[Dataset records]

====================

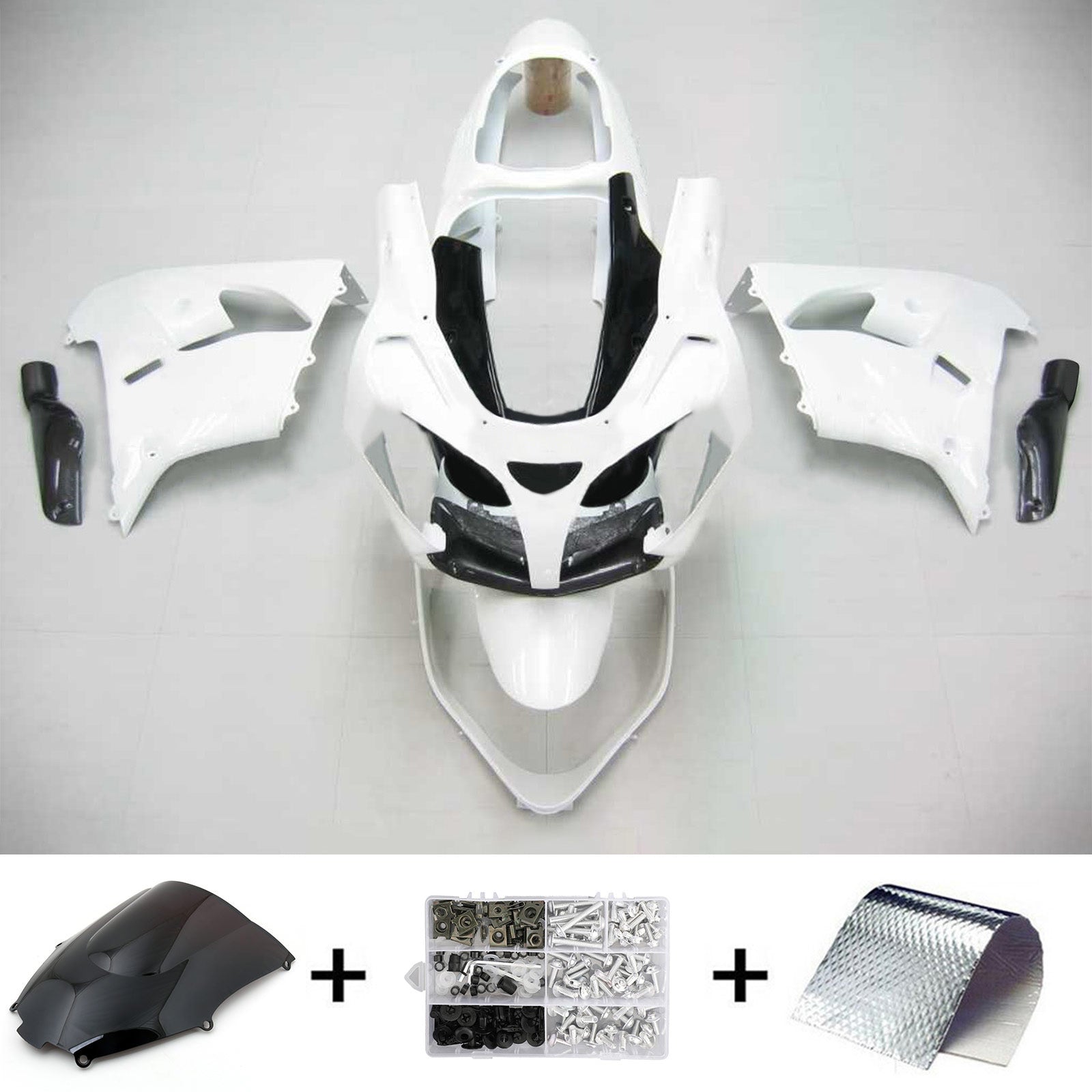 Amotopart suojasarja Kawasaki ZX9R 2000-2001 Genericille
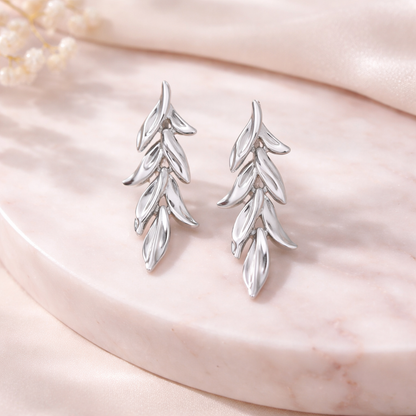 Aretes Largos Hojarasca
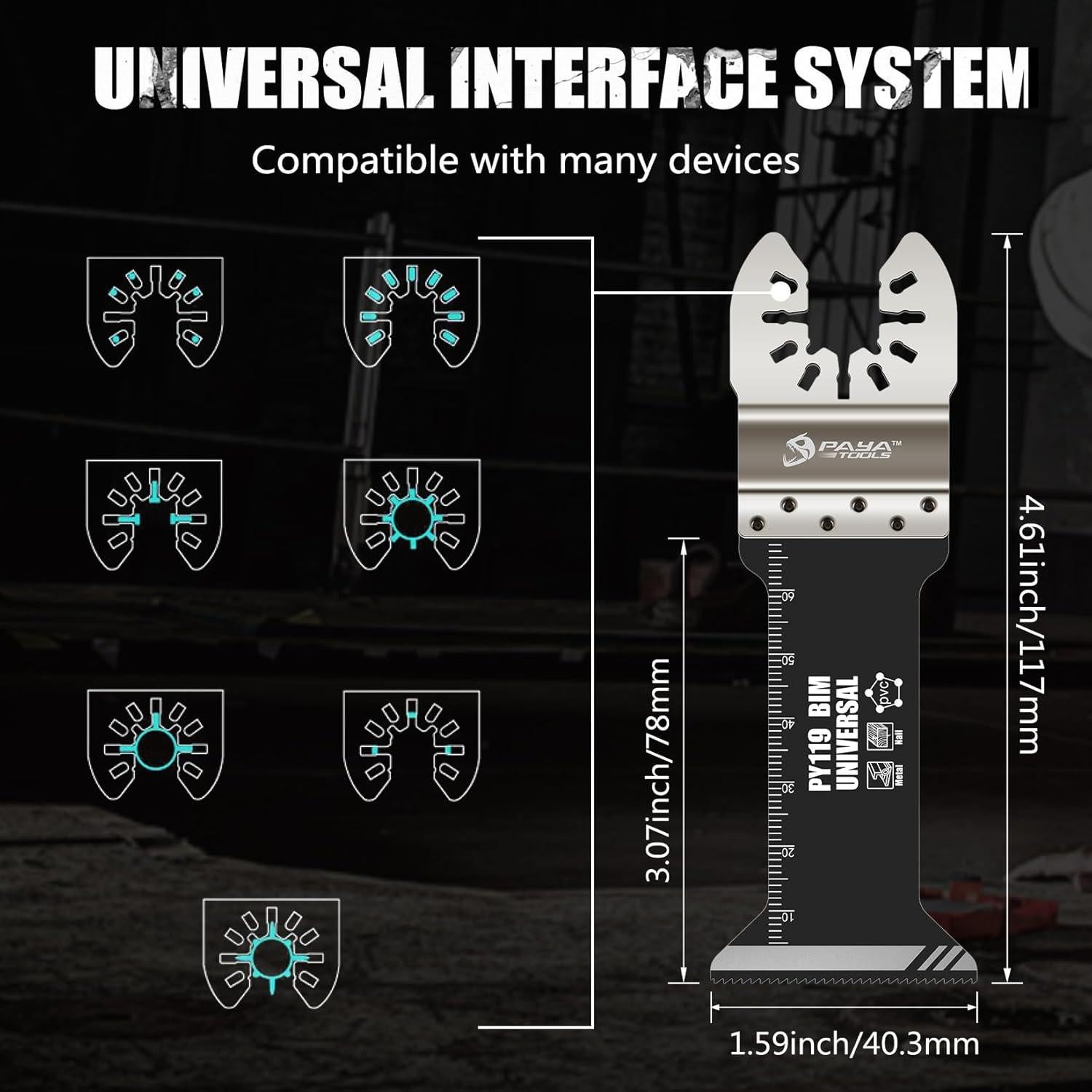 Hoja de sierra oscilante bi-metal Payara 3 piezas 40 mm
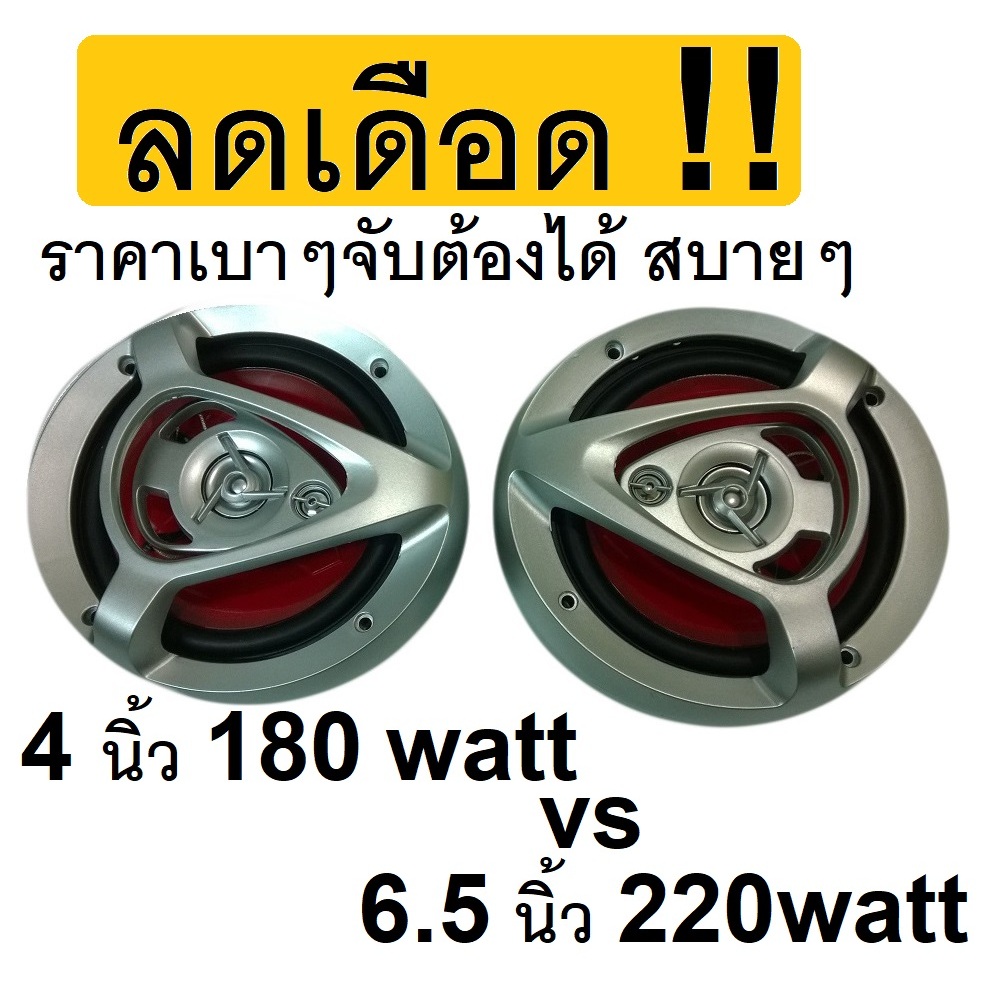 ลำโพงติดรถยนต์ SKANIA 3 WAY ลดเดือด!! ขนาด 4 นิ้ว แหลมใส 6.5 นิ้ว ราคาสุดคุ้ม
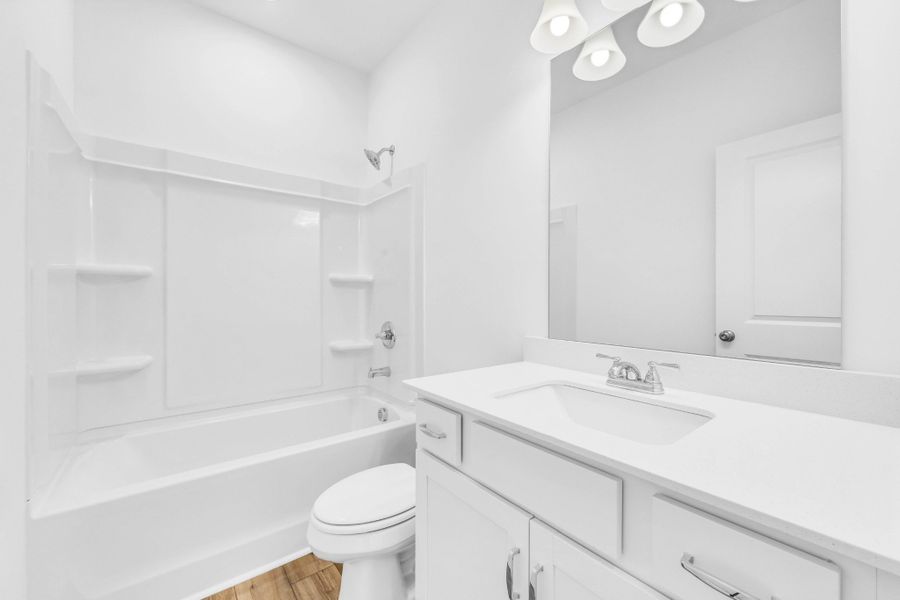 Furnished interior view inside a new home in The Oaks, Clarksville (Image 11).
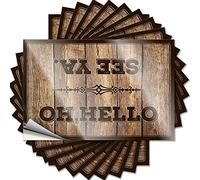 Stickers for Car Hey There Funny Sticker 10 Pcs Tool Box Stickers Car Stickers and Decals(6X9CM)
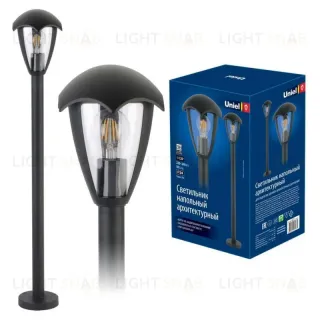 Уличный светильник (UL-00006817) Uniel UUL-T80A 60W/E27 IP54 Black UUL-T80A 60W/E27 IP54 Black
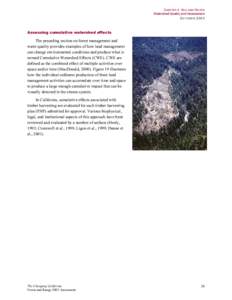 CHAPTER 4. SOIL AND WATER Watershed Quality and Assessment OCTOBER 2003 Assessing cumulative watershed effects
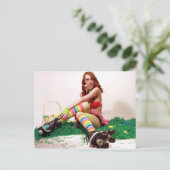 De Speld van Pasen omhoog Feestdagenkaart (Staand voorkant)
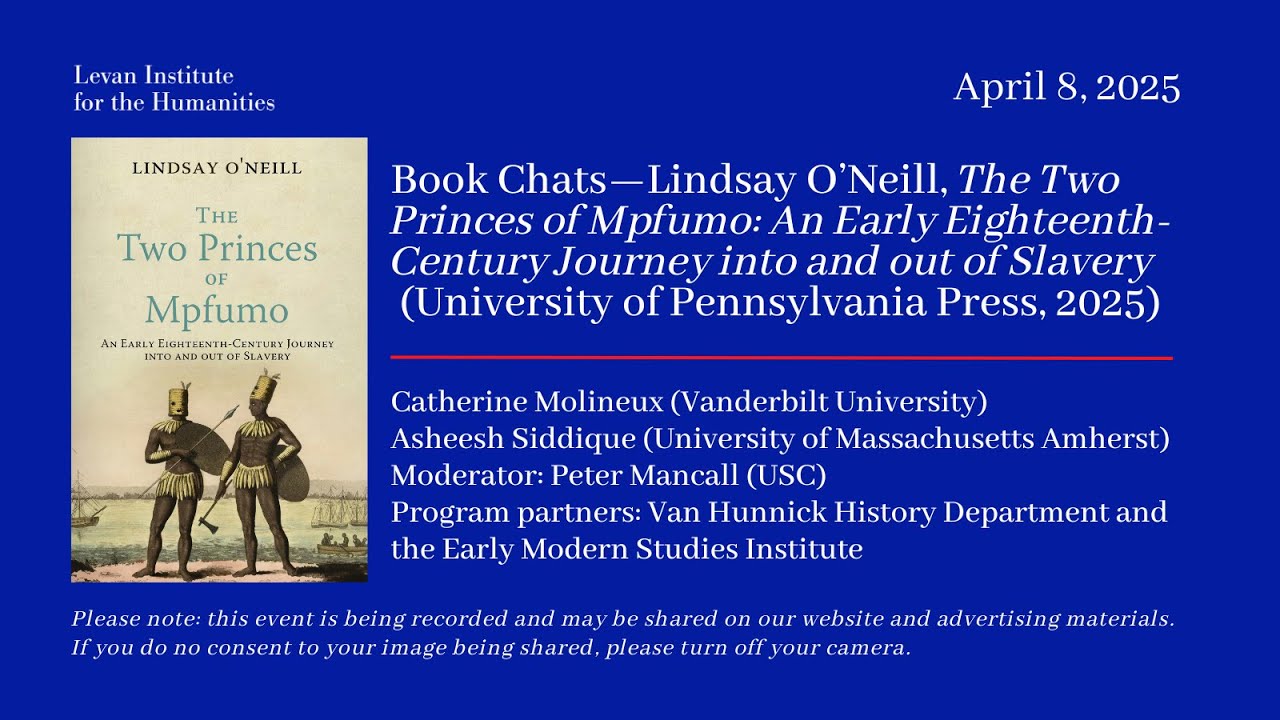 Levan Book Chat—Lindsay O'Neill, The Two Princes of Mpfumo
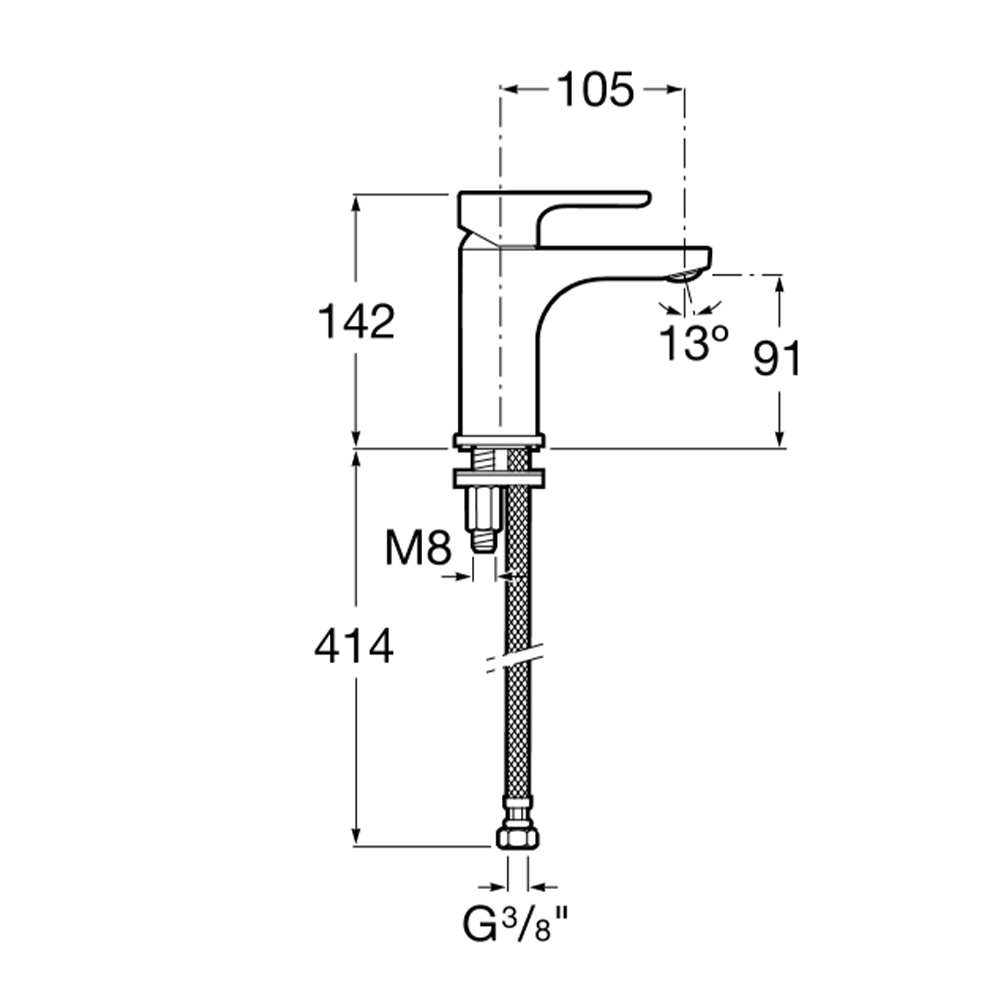 5A3K09C00 Смесители для раковины Tece  - Вид №1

====================

At the line containing "Aretes Largos Hojarasca", begin reproducing the entries word for word, and continue through their last line. Leave out the pictures.

 Aretes Largos Hojarasca
 Hoja de sierra oscilante bi-metal Payara 3 piezas 40 mm
 ลำโพงติดรถยนต์ SKANIA 3 WAY ลดเดือด!! ขนาด 4 นิ้ว แหลมใส 6.5 นิ้ว ราคาสุดคุ้ม
 Furnished interior view inside a new home in The Oaks, Clarksville (Image 11).
 Stickers for Car Hey There Funny Sticker 10 Pcs Tool Box Stickers Car Stickers and Decals(6X9CM)
 Уличный светильник (UL-00006817) Uniel UUL-T80A 60W/E27 IP54 Black UUL-T80A 60W/E27 IP54 Black
 CHAPTER 4. SOIL AND WATER Watershed Quality and Assessment OCTOBER 2003 Assessing cumulative watershed effects
 De Speld van Pasen omhoog Feestdagenkaart (Staand voorkant)
 Levan Book Chat—Lindsay O'Neill, The Two Princes of Mpfumo
 5A3K09C00 Смесители для раковины Tece  - Вид №1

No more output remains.